I was the only closer that night besides the cashier and manager. This new manager had different expectations than other managers I had closed with. Her expectations were higher and stricter. I became her henchman, scurrying about trying to get the checklist done that usually had three people completing its tasks.
Finally, the night was up. After crushing my toes with a massive steel sign, smashing my fingers, hauling in carts, and scrubbing down all but one check stand, I bid the dragon good night. She interrupted me, mid-sentence, complaining that the last check stand had not been wiped, and adding that I couldn’t leave until it was done, ignoring the fact we were closed, and I was technically allowed to go based on my schedule. With that sharp reprimand still steaming from her nostrils, she whipped away into her office, letting the door smack shut behind her. I hurried and wiped down the last check stand, scampered to the clock, and punched out. I had done what she asked; I was free from the dragon’s clutches.
However, as I headed towards the door, I saw the cashier wiping down the check stand I had just cleaned; the cashier had been in the back while I’d cleaned it. He usually helped me wipe down the check stands, so it wasn’t unusual. Just then, the manager came stomping out and told me that it’s not the cashier’s job to clean check stands. She continued with her reprimanding, telling me I needed her permission to leave and that I should do what she’d asked.
I was near tears.

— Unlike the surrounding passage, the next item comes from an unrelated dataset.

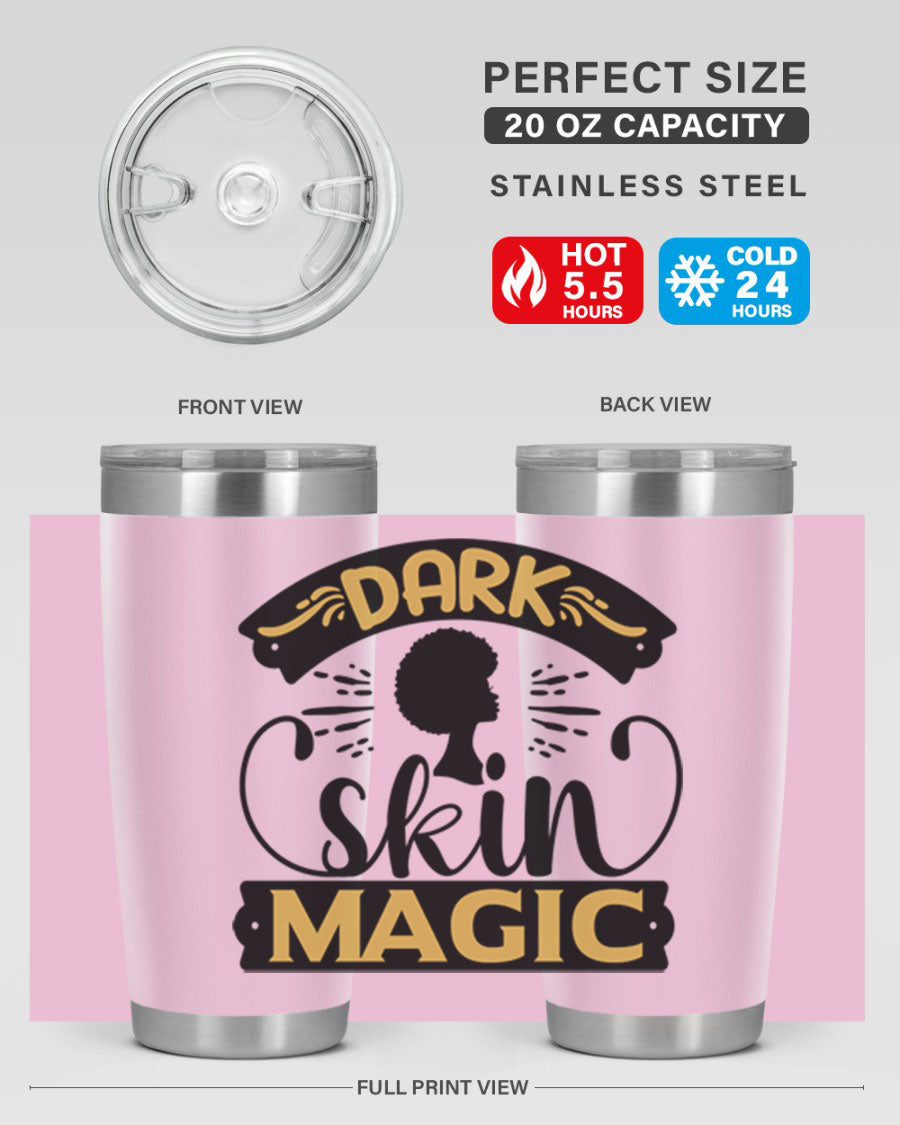 Dark Skin Magic Style 42# Tumbler in stainless steel with vibrant design, perfect for hot and cold beverages.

I had done everything she had asked all night, and she hadn’t even bothered to learn my name. Instead, she had referred to me by the term “you” throughout the night. It didn’t matter if the cashier’s job description didn’t include wiping down cash registers. He did it because he was helpful and kind; everything this steaming dragon was not.
Before the manager could finish her rampaging torrent of rebuke, I interjected, “I just cleaned that check stand.”

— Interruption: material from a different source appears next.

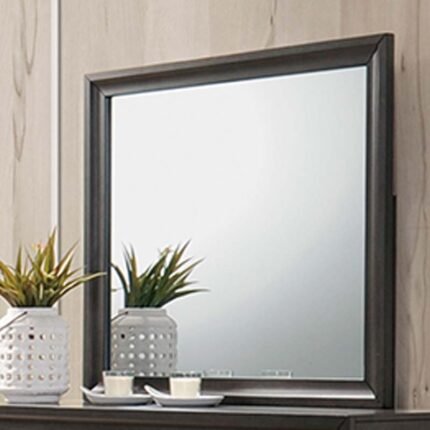 Antique Grey Solid Wood Frame Mirror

My voice didn’t shake, and I didn’t sound impertinent. I just stated the fact as clearly as reciting that the sky was blue. I masked the tempest roiling within well. I could tell she felt a little stupid at that moment.
All she said was, “oh.”
I briskly left the store, pounding down the pavement towards the car. I felt that pressure in my chest building until it tore out of my mouth in a sob. I cried all the way home as my dad drove, listening to my story.

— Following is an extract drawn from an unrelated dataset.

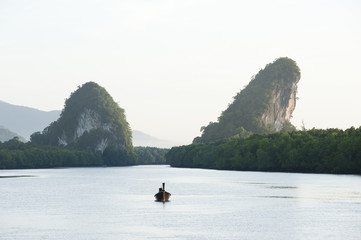  boat and river at krabi thailand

“I just want to quit!” I repeated for the third time. “I hate this job, and I just want it to end.”
I didn’t know why she had made me so upset. There were plenty of times when I had dealt with difficult people at this job, including psychologically disturbed customers and disgruntled co-workers. But the way she had treated me throughout the night, in a callous and controlling manner, not acknowledging my hard work or even bothering to learn my name, made me feel empty.
I wanted to feel validated, not downtrodden by the endless pile of work. I wanted to feel free from the worry whirling around me all hours of the day. Most managers said thank you, offered a smile, or bantered to keep us from nodding off that late in the night. Little things like that eased the pressure.
She hadn’t bothered with pleasantries, and that’s what bothered me. I tried so hard to maintain a positive attitude because it made me feel courageous. I put on a brave face, even when the toil attempted to tear me apart. I appeared gracious and good-natured, always ready to help. But she went about her work with a commandeering attitude, intensity emanating from those sharp, dark eyes.
As I collapsed onto my bed that night, I passed by the painting. I didn’t see it in the dim shadows or reflect upon it in the brooding hours after midnight. Yet its truth still hung there. It was scrawled in deep sharpie letters, waiting for me to see, to read between those lines.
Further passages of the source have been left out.